My favorite of the dozens of Vincent Price films I’ve watched, and the best adaptation of Richard Matheson’s seminal classic story “I Am Legend” by a mile. Two miles, actually, but who’s counting? So why isn’t this one counted amongst the stone classics of vampire cinema? I honestly have no idea, but it is without a doubt one of the best.

In case you aren’t aware of the classic tale, this film has Price as the title character. Every night is spent in his home fortress while the local vampire population lays siege and every day is spent gathering supplies and hunting the undead as they lay sleeping.

If you’re only familiar with the Will Smith version of “I Am Legend,” then you have no idea what you are missing out on. This film and the book share one of the darkest and most ironic endings in the history of anything and you’ve really got to experience it to appreciate the story.


This Japanese tale of vamp sexuality and timeless love features a rather uncreative title that may turn prospective viewers off, but it’s worth looking for if you want a more adult take on vampire romance. Japan in general has a talent for coming up with excellent and creative takes on Western vampire lore, but this one keeps it fairly simple while adding an Asian sensibility.

When a detective investigates a murder, he meets a woman of unfathomable seductiveness and ends up as part of a love triangle dating back to the feudal period. There’s some solid samurai-style action, but the best reason to watch this one is Aya Sugimoto, who is too beautiful to not give off a supernatural aura, making her perfect for her role as a passionate vampire seductress.


While we’re in the mood for sexytime, let me point out that in spite of its terrible title, this adaptation of Carmilla happens to be my favorite of Hammer Film Productions’ exceptional stable of classic vampire films. Not only is it red hot, but it is very faithful to the source material and has a lot of genuine creeps to balance out the abundance of female flesh on display.
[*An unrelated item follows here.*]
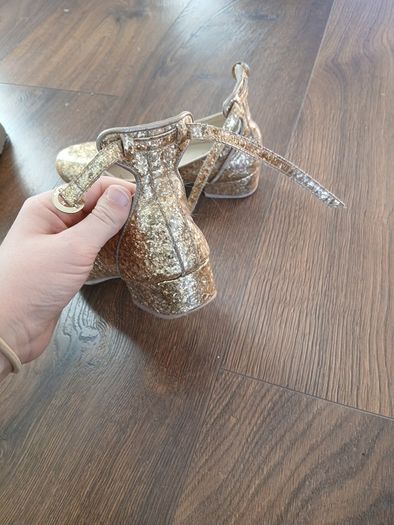Beutiful gold mini heels for kids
It’d be easy to write this one off as softcore porn at a glance due to the girl-girl love scenes, but all the film really did was take what was very heavily implied in Le Fanu’s Victorian era novel and put it onscreen in the age of exploitation cinema.

Ingrid Pitt is the polar opposite of the character in the book, which is regrettable, but her commanding performance as a powerful and intimidating undead vampiress makes up for the deviation from source material. Consider this one a must-watch for fans of sexy vampires and classical vampire mythology as well.
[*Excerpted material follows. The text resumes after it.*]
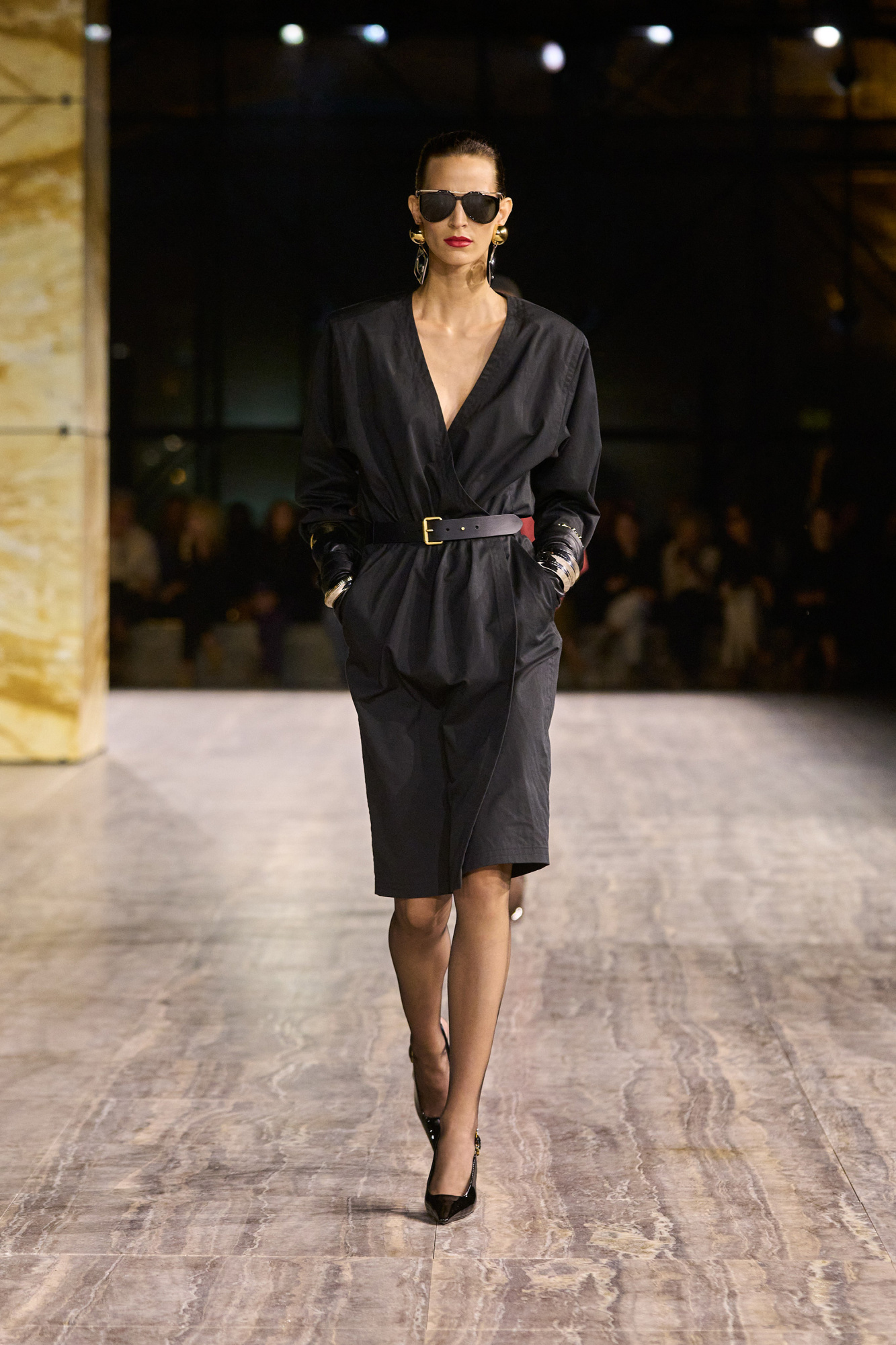 Black Dress with belt Saint Laurent - Vitkac AS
From the classic, seductive, and evocative to the batshit insane we go. Japan’s neo-grindhouse scene is a unique approach to filmmaking where the more offensive, violent, and generally ridiculous a film is, the better it is. And this one is the best.
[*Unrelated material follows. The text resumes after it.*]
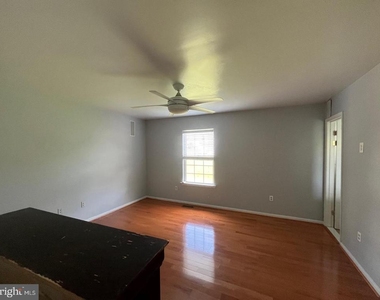 5102 Nantucket Road - Photo Thumbnail 11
So you’ve got a Vampire Girl. You’ve got a Frankenstein Girl. They attend the same high school and have a crush on the same boy. You know where this is going. But oh, how they get there. This may be one of my favorite vampire films, but in no way is it for everybody. It’s extreme in every sense and features more black comedy in its running time than America sees in a typical year’s worth of films put together.

Brace yourself for this one if you aren’t familiar with extreme Asian cinema. There is certainly more disturbing fare out there since this is a satire at heart, but it definitely has no aims on political correctness and features literal showers of gore so know what you are getting into before you take this recommendation.


Chan-Wook Park is one of the best directors on the planet. Watch all of his films. This is a South Korean flick that offers a fresh perspective on the life of the undead with a dose of black humor and a great portrayal of the dilemmas of a moral man becoming a vampire.

When a Catholic priest receives a transfusion of vampire blood while dying and awakens with a new lust for life (and human blood), that’s a good set up. When he falls in love with a married woman, that’s pretty messed up. I’m going to avoid further spoilers, but let me just say that things don’t exactly get less screwed up from that point on.

“Thirst” is an excellent take on vampires that utilizes many of the familiar tropes but uses them in new ways to highlight the classic conflict between the human and the inhuman while also acknowledging that the two are often one in the same.
I could do this all day, but that’s all the bloodsucking I’ve got room for today. Just remember that no matter how many times some film critic declares the genre to be dead or the concept to be tired, vampires always comes back like Christopher Lee’s Dracula and somebody will always come up with a fresh take. It’s as inevitable as death itself. Sleep tight.